Effective wound care goes far beyond just surface evaluation. This expert-led program explores advanced wound assessment strategies, including measurement techniques, drainage evaluation, and recognition of signs of infection. Tune in to hear from Ms. Kara Couch as she explores best practices for optimal wound care. Ms. Couch is a certified wound care nurse practitioner, the Director of Wound Care Services at George Washington University Hospital, and an Associate Research Professor of Surgery at the George Washington University.
Beyond the Surface: Advanced Techniques in Wound Assessment and Care

Announcer:
Welcome to Spotlight on Wound Care on ReachMD. On this episode, we’ll hear from Ms. Kara Couch, who’s a certified nurse practitioner, the Director of Wound Care Services at George Washington University Hospital, and an Associate Research Professor of Surgery at the School of Medicine and Health Sciences at the George Washington University. She’ll be discussing best practices in managing complex and chronic post-surgical wounds. Here’s Ms. Couch now.
Ms. Couch:
Wound assessment is much more complicated than simply looking at it and taking a measurement. Obviously, you do want to explore the wound and get measurements of the longest part in length, the widest part in width, and the deepest part in depth and also to thoroughly explore the volume of the wound to ensure that there isn’t any sort of unexplored tunnel or issue around that. Now, you will have some additional factors that you can look into, such as if the surrounding tissue of the wound is red, hot, or swollen, if it’s painful to touch, and how much drainage you’re getting from the wound. The color of the drainage and the amount matters greatly. If it’s thicker or purulent, has a foul odor, or is a bad color, such as green—a terrible color, we never want to see that in a wound—that lets you know that you are dealing with a possible nasty infection that we really have to go after.
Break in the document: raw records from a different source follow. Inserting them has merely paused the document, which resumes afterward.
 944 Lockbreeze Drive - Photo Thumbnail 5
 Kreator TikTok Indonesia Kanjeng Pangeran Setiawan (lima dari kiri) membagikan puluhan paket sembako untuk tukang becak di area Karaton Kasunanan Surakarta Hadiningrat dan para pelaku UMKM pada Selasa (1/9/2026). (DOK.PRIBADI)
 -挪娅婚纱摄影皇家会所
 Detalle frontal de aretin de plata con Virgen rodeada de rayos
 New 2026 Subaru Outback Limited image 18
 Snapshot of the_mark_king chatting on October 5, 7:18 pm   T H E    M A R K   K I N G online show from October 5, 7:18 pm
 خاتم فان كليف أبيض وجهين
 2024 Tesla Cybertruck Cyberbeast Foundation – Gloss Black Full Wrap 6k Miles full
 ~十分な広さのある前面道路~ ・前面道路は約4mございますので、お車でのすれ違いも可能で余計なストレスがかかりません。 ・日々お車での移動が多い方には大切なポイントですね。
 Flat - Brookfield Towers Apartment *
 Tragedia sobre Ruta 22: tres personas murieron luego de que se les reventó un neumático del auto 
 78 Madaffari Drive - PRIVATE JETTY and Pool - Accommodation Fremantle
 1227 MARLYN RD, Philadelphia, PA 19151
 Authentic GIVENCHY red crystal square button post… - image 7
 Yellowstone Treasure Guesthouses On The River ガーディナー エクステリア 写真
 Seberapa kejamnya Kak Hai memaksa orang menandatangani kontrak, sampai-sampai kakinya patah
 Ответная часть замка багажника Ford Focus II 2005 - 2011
So in addition to what we can do from actually looking at the patient, we can look at their vital signs and see if they have fevers or tachycardia, and we can also do additional laboratory imaging and radiology testing, such as CAT scans, MRIs, or wound cultures to help us get to a better understanding of what the challenges with healing this wound are going to be so that we can get the right strategies there to treat it from a comprehensive standpoint. Oftentimes you need multiple different specialties involved in wound care. It could be plastic surgery, orthopedic surgery, general surgery, infectious disease, just to name a few—vascular surgery, podiatry, wound specialists, etc. It really takes a village to tackle these wounds and get patients on a healing trajectory.
When it comes to managing wound dehiscences or non-healing incisions, there is a large amount of evidence that is available to us. The challenge is that wound care is not taught routinely in medical or nursing schools, and the providers or practitioners may only have a few hours, if any, of wound care didactic in their training. However, wound care touches every service in the hospital, there is a plethora of evidence to us to help us to solve these. We have meta-analyses and high-level testing done on different strategies, such as using negative pressure wound therapy or comprehensive global guidelines on wound hygiene and management of wound infection. We need to take all of this evidence, which is free and readily available to us, and use these tactics to deploy, particularly in these wound dehiscences, because it’s really critical that we don’t put our head in the sand and that we tackle these things as fast as possible.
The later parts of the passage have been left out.